Our springboard to becoming conscious is full sensitive awareness. And full sensitive awareness begins with our body. A very important and readily available way to upgrade our awareness consists in sensing our body, or as a Thai Buddhist meditation master put it in 1936, we focus on “the inner sense of the form of the body.”[1] As we work to establish our attention in this inner sense of our body, to develop our direct, unmediated, visceral perception of it, the sensitive energy gradually builds and collects in our body, drawn there by our attention. This energy of sensation enables us to be aware of our body. Furthermore, the sensitive energy forms the lower part of our soul. The practice of sensing our body can grow stronger and stronger, as well as more constant, and has many beneficial ramifications for our spiritual path, and for our ability to live well, to live a full, productive, and satisfying life.

We begin with placing and holding our attention in one of our hands or feet. Once we can feel the aliveness of the sensitive energy collecting there, we move on to sensing entire limbs, then torso and head, and eventually to sensing our whole body. We sense the total body, not just the surface, although we do not intentionally focus on particular internal organs so as not to interfere with their instinctive functioning.

Sensing the whole body helps make us whole inwardly as well and leads naturally toward the full experience of consciousness. That wholeness gives this method an advantage over methods that focus on a part of the body, such as breath awareness. However breath awareness, just because it is more tightly focused and because the breath is always moving, has its own advantages. Each method has a time, place, and purpose. For example, we might begin a period of meditation with focused breath awareness to calm our mind and collect our energies, and then move on toward sensing the whole body.

The sensitive energy also enables us to be in direct contact with our thoughts and emotions. Placing our attention on our thoughts we become aware of them as thoughts, we become aware of their meaning. Rather than allowing our thoughts to think us, we can think our thoughts. The former happens with the automatic energy and the latter with the sensitive energy. We can focus our thoughts on a problem or situation, thinking logically about it. We can visualize and think in images. Or we can simply be aware of our automatically self-generating associative stream of thoughts as thoughts. All this is due to the sensitive energy entering our thoughts. We combine this sensitive thought awareness with our practice of sensing our body and we become even more whole.
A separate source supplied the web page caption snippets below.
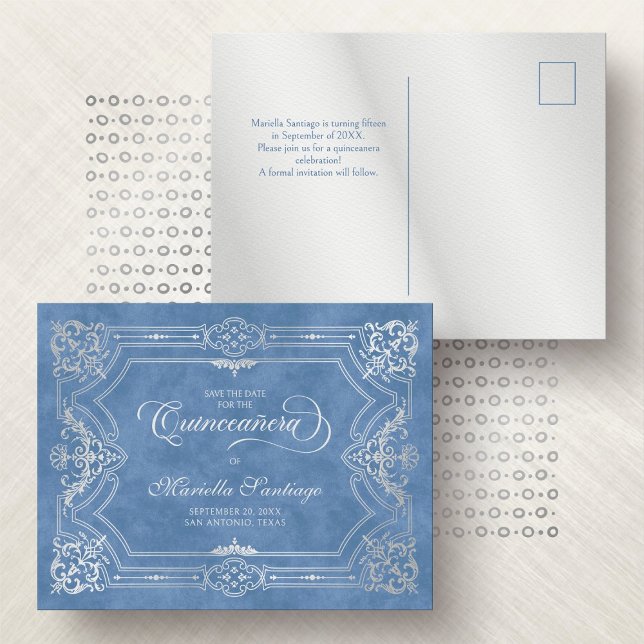 Quinceanera Guardar la tarjeta postal azul (Subido por el creador)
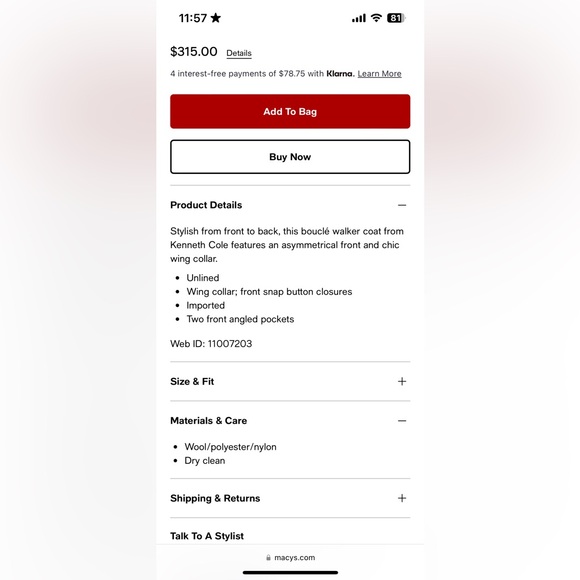 Kenneth Cole Boucle Pink Coat - Picture 4 of 4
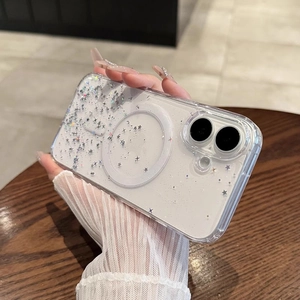 Detail of transparent starry iPhone case with silver glitter, stars and MagSafe magnet ring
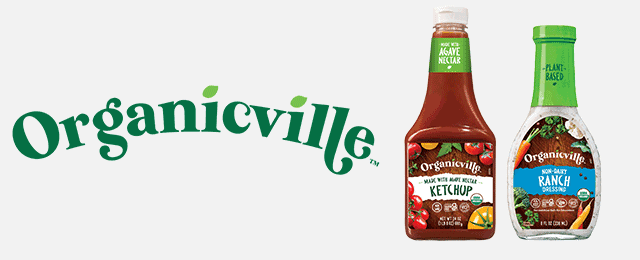 organicville logo next to ketchup and salad dressing bottles
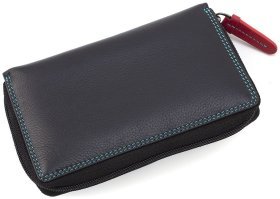 Стильный женский кожаный кошелек черного цвета на молнии Visconti Aruba 69293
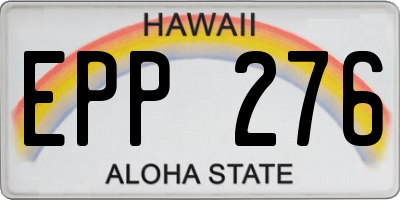 HI license plate EPP276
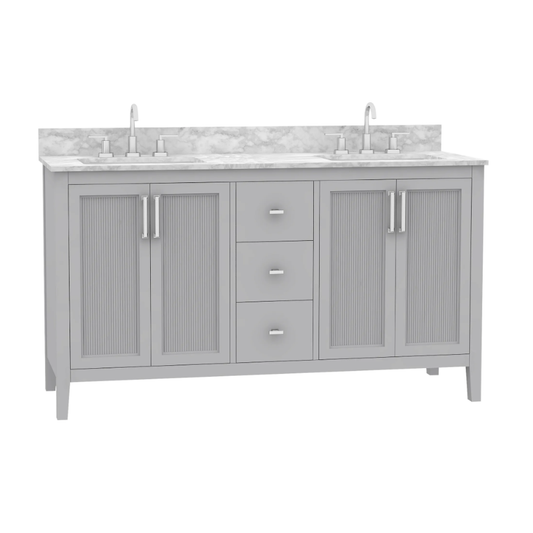 Arlington 60" Freestanding Bathroom Vanity with Sintered Stone Top and Vitreous China Undermount Sinks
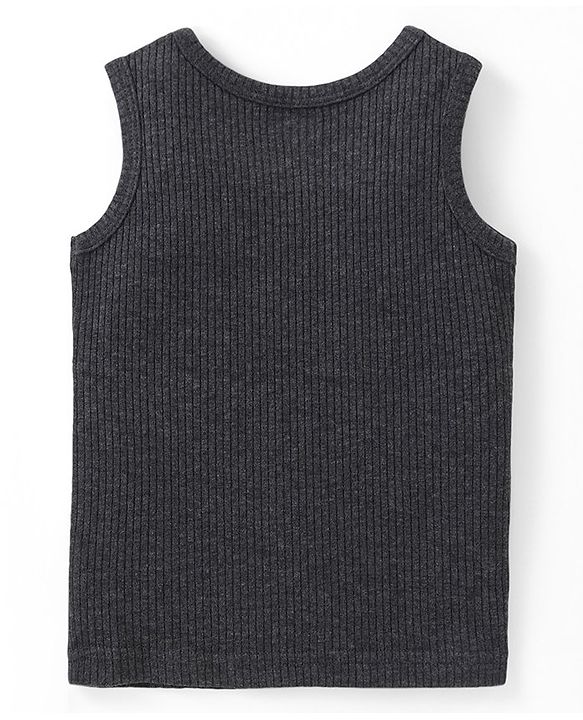 Babyhug Solid Full Sleeves Thermal Vests & Pant Set - Dark Grey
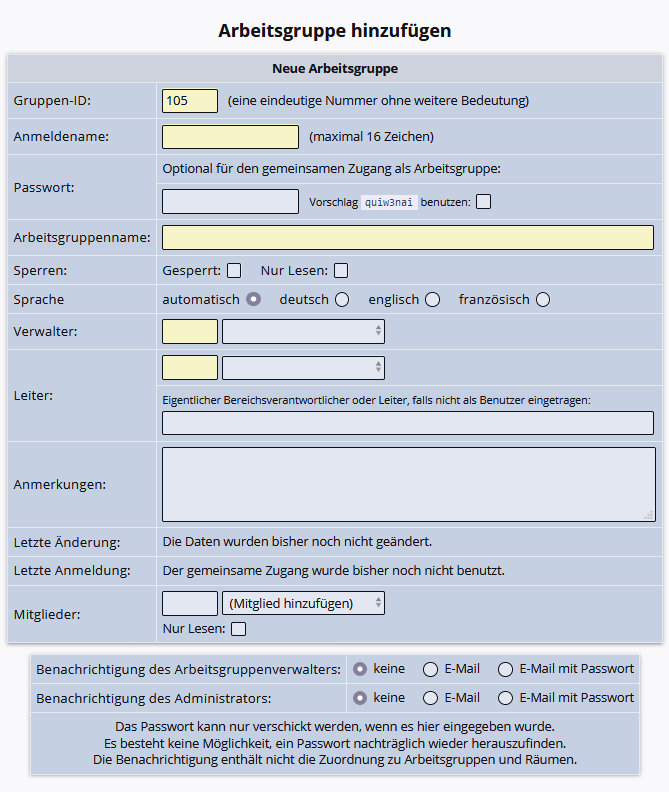Arbeitsgruppen hinzufügen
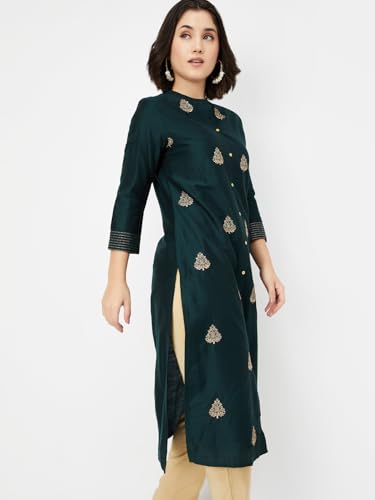 Max Women's Polyester Blend Kurta Set (CTKUR52006_Green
Further, we extend our sensitive awareness to being in contact with our emotions as they arise and unfold. We notice how their feeling tone colors our awareness. We notice how the emotion manifests in our body, perhaps with tightness in our chest, a quickened breath, a particular expression on our face, or a changed posture. We notice how the emotion drives our thought patterns and vice versa. We have some choice, a modicum of control over our emotions. All this is due to the sensitive energy in our emotions.

With all three operating, with sensitive awareness of body, of thought, and of emotion, we move into a different level of wholeness and presence, a breadth of awareness that prepares us to open to the conscious energy, to being conscious. For this week, please practice whole body sensing, awareness of your thoughts as thoughts, and awareness of your emotions and their effects. We can call this practice sensing our presence.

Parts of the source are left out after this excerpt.